**WORK ITEM**
Reproduce the listing verbatim.

=== GIVEN INFORMATION ===

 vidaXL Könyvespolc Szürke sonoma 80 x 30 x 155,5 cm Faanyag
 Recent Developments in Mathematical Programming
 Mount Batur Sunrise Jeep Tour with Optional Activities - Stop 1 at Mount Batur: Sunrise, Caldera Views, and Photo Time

===

**RESULT FOR THIS EXERCISE**
 vidaXL Könyvespolc Szürke sonoma 80 x 30 x 155,5 cm Faanyag
 Recent Developments in Mathematical Programming
 Mount Batur Sunrise Jeep Tour with Optional Activities - Stop 1 at Mount Batur: Sunrise, Caldera Views, and Photo Time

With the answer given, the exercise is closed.